Recent years have seen something of a surfing explosion on Lewis, with several beaches on the West Side, including Dalmore, now frequented by devotees. Of course, at this latitude, a wet-suit is essential. The SurfLewis website is well worth a visit.
With an abundance of free brown trout fishing, Lewis is justly famed as an angler’s paradise, and all the lochs in and around Shawbost hold some fish, with Loch Raoinebhat being perhaps the most rewarding. Though it can become very weedy in summer, Loch a Bhaile besides offers the chance of salmon and sea-trout… and, being a little brackish, the occasional flounder! The former village reservoir, Loch Rahacleit, is full of little trout and great fun for children or beginners.
Ask locally for tips or purchase a copy of Norman Maceod’s Trout Fishing on Lewis when you’re in town. In his introduction, Mr Macleod writes,
‘There are in fact very few lochs on the island which do not hold brown trout. Some are overstocked and contain small trout of only a few ounces; others have fish up to several pounds. In between are the lochs with trout of 8 oz to 1 lb… This is a tremendous amount of fishing water in an island approximately forty miles in length and twenty-six miles wide.
‘The vast majority of brown trout lochs on the island are free to local and visiting anglers alike, but some estate owners reserve waters for themselves and their guests. Before setting out for a day’s fishing enquiries should be made locally.
‘The season opens on 15th March and closes on 6th October. It is very seldom that one can get trout in good condition before the middle of April. The best months for fly fishing are from the end of April until the end of June and again during the first fortnight in September. July and August are just not so good with fly, and bait or spinner may prove more productive.

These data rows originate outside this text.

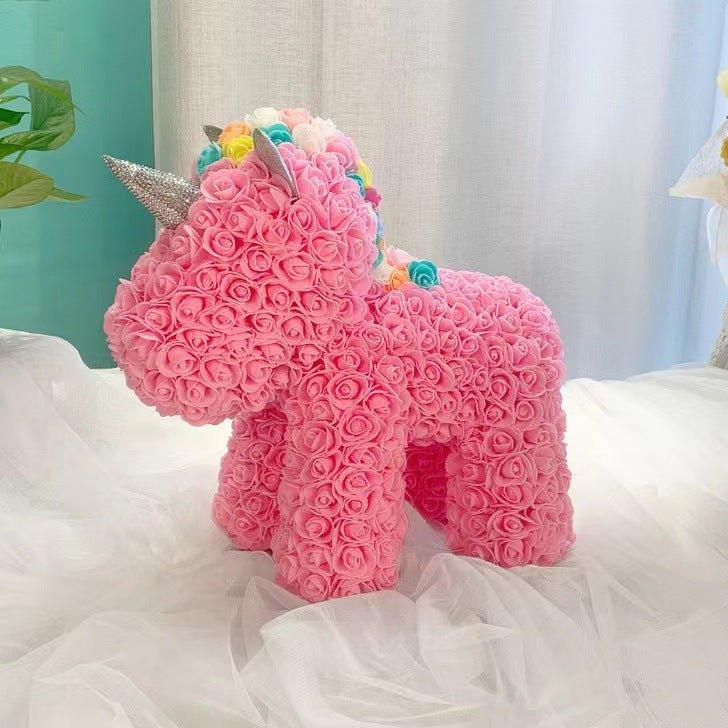 Creative Valentine's Gift: PE Foam Flower Bear, Unicorn Rose, and Eternal Unicorn Flower for Girls - Coscosmos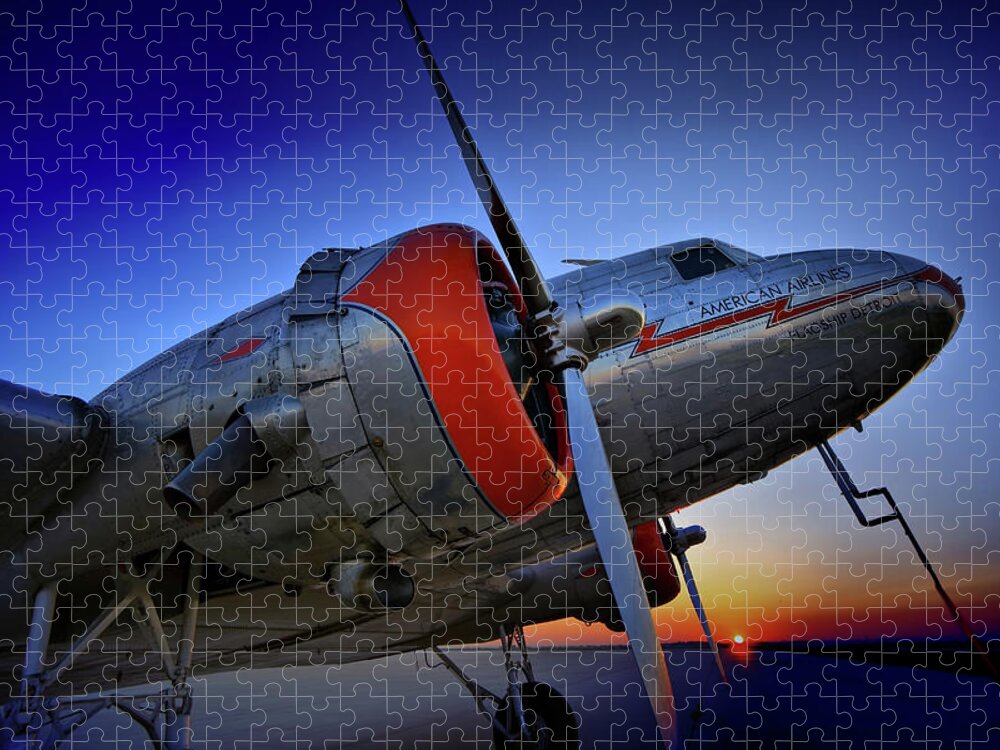 Dc3 Jigsaw Puzzle featuring the photograph DC-3 Flagship Detroit at Sunrise by HawkEye Media
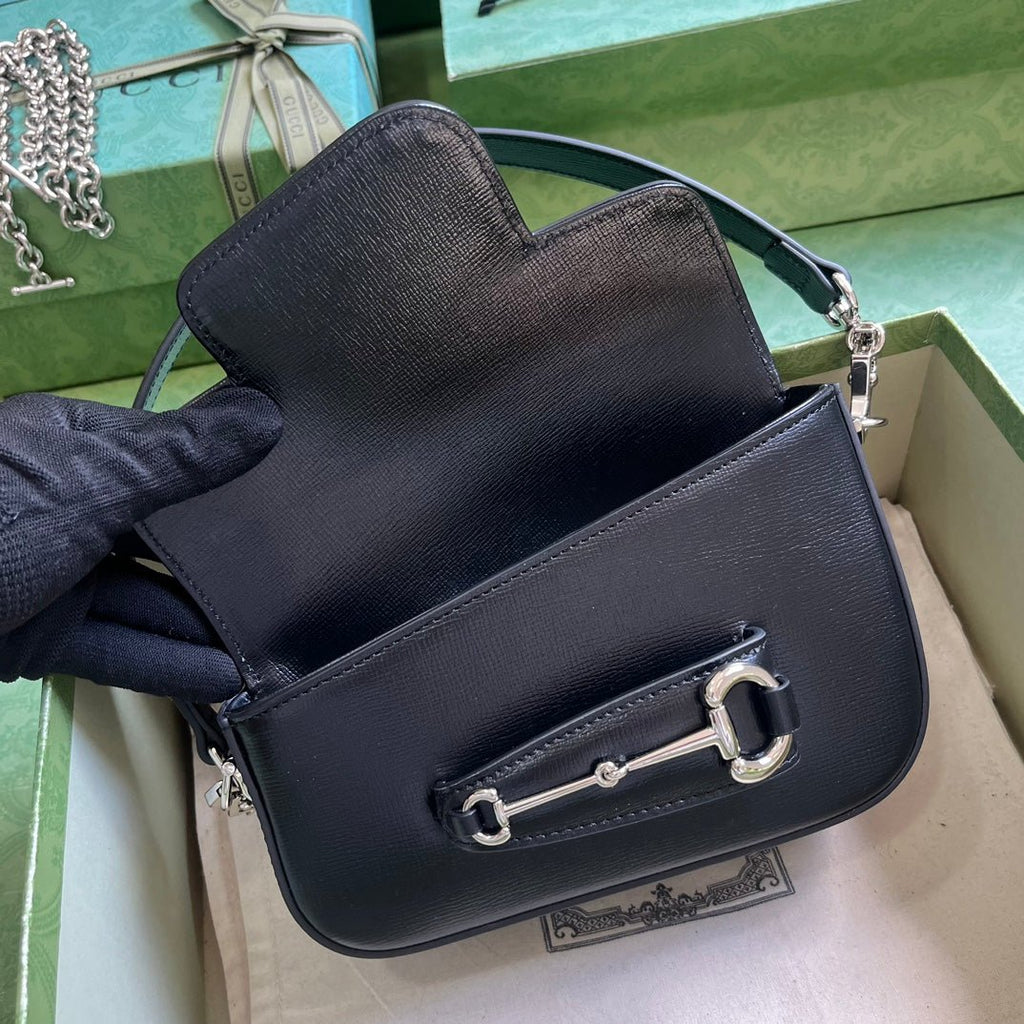 ＧＣＣＩHORSEBIT 1955 MINI LEATHER SHOULDER BAG BLACK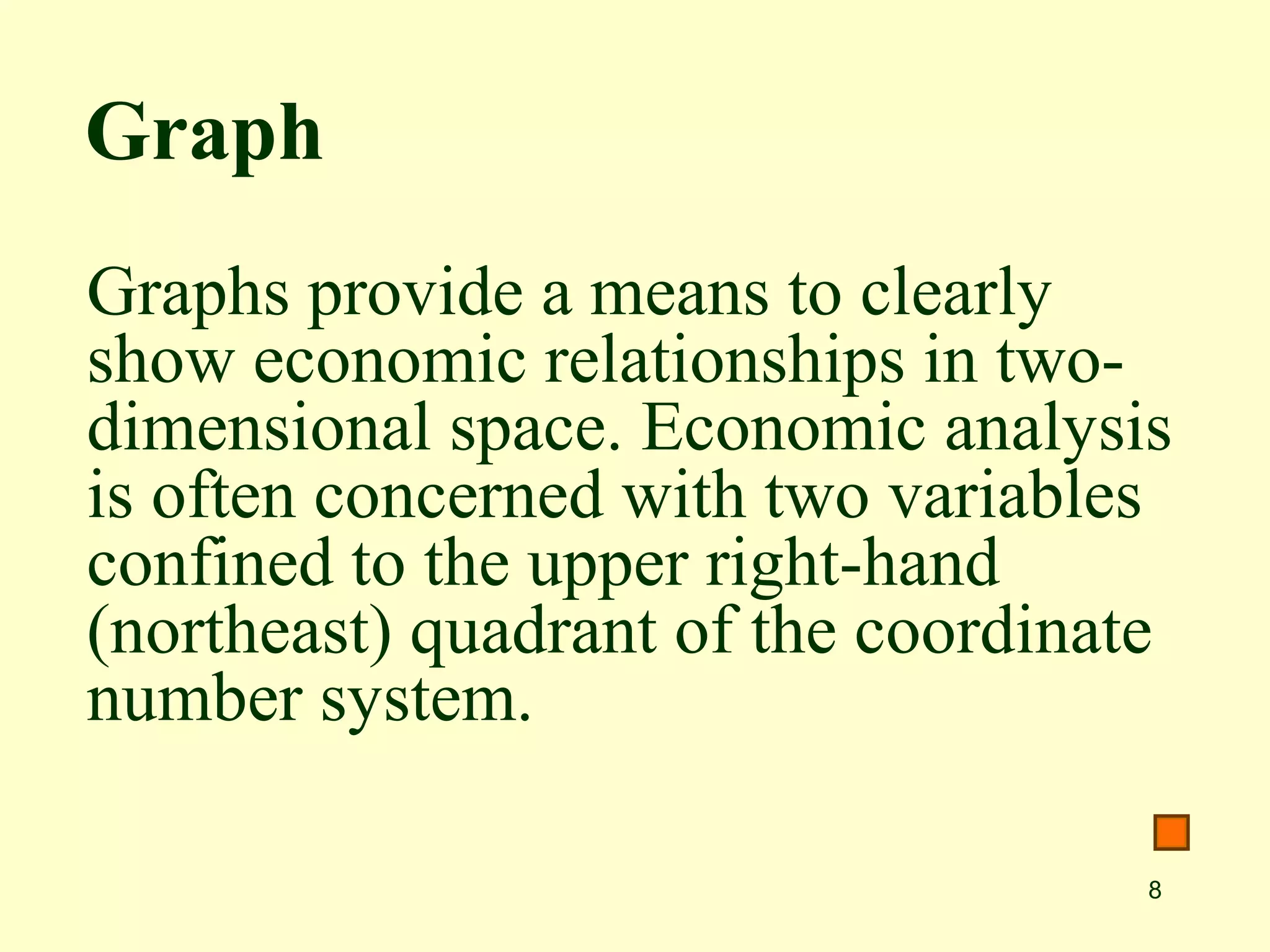 8
Graphs provide a means to clearly
show economic relationships in two-
dimensional space. Economic analysis
is often concerned with two variables
confined to the upper right-hand
(northeast) quadrant of the coordinate
number system.
Graph
 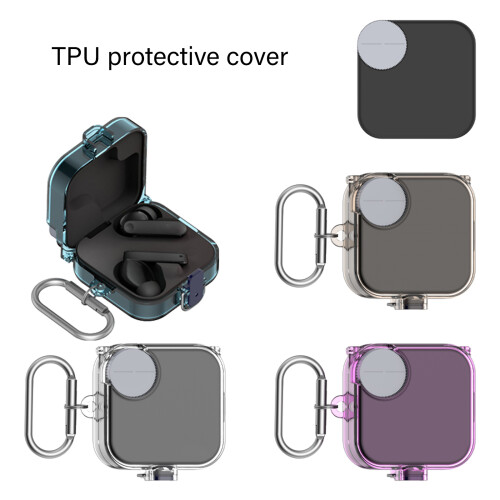 For CMF Buds 2 Shockproof Cover Washable Soft-Transparent gray 2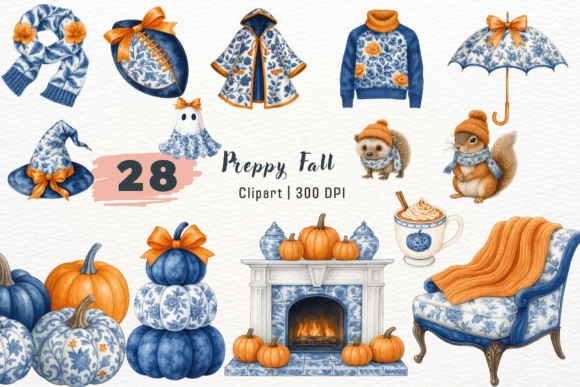 Preppy Fall Clipart: Chinoiserie Autumn Design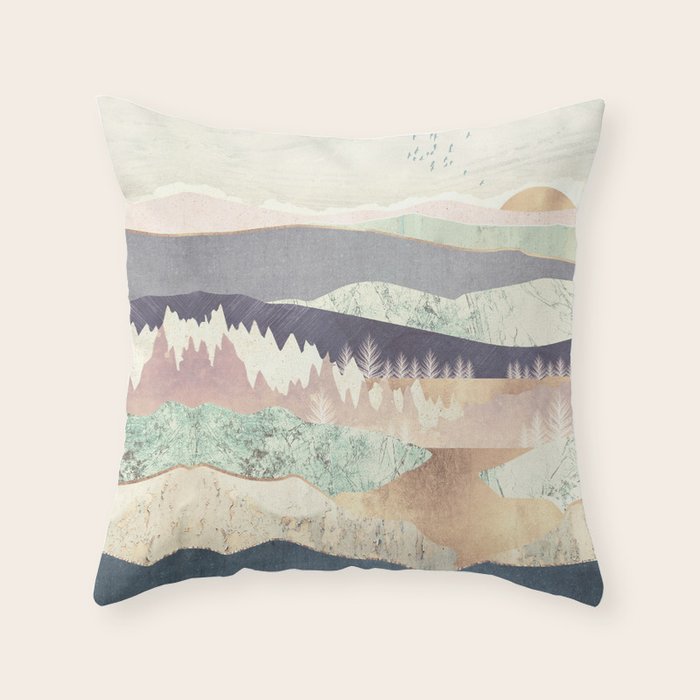 Golden Spring Reflection-Horizontal Muted Throw Pillow Gallery Image 6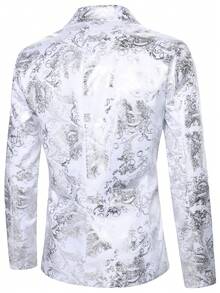 Manfinity Mode 男士时尚提花翻领长袖西装外套，适合日常穿着和派对场合 - 白色 - 查看 2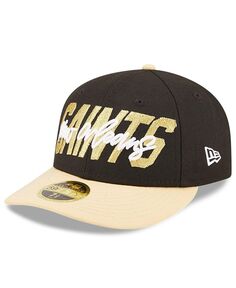 Мужская черно-золотая приталенная шляпа New Orleans Saints 2022 NFL Draft Low Profile 59FIFTY New Era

‘Though Sunday fishing for brown trout is legal in Scotland, it would most certainly be looked upon with disfavor in Lewis and no local angler fishes on that day. It is expected that the visiting angler will respect local custom.
‘It is hoped that all anglers will respect the rights of the owners of the various local estates, that no litter will be left behind by the lochside and that no discarded nylon will be left whether by the waterside or on the moor. Entanglement in lengths of nylon presents a hazard both to birds and to young lambs.’
For more glamorous sport – salmon or sea-trout – it’s worth seeking a permit from the Carloway Angling Association, to fish the village river; or making private inquiry at the Garynahine estate up the road. Affordable pursuit of the silver tourists can also be had on the Cockle Ebb (Fideach Angling Association) or the stately River Creed and its lochs (Stornoway Angling Association.)
Sea-fishing can be enjoyed from many shoreline spots, or someone may take you out in a boat – make inquiries locally or check out the Stornoway Sea Angling Club’s organized trips.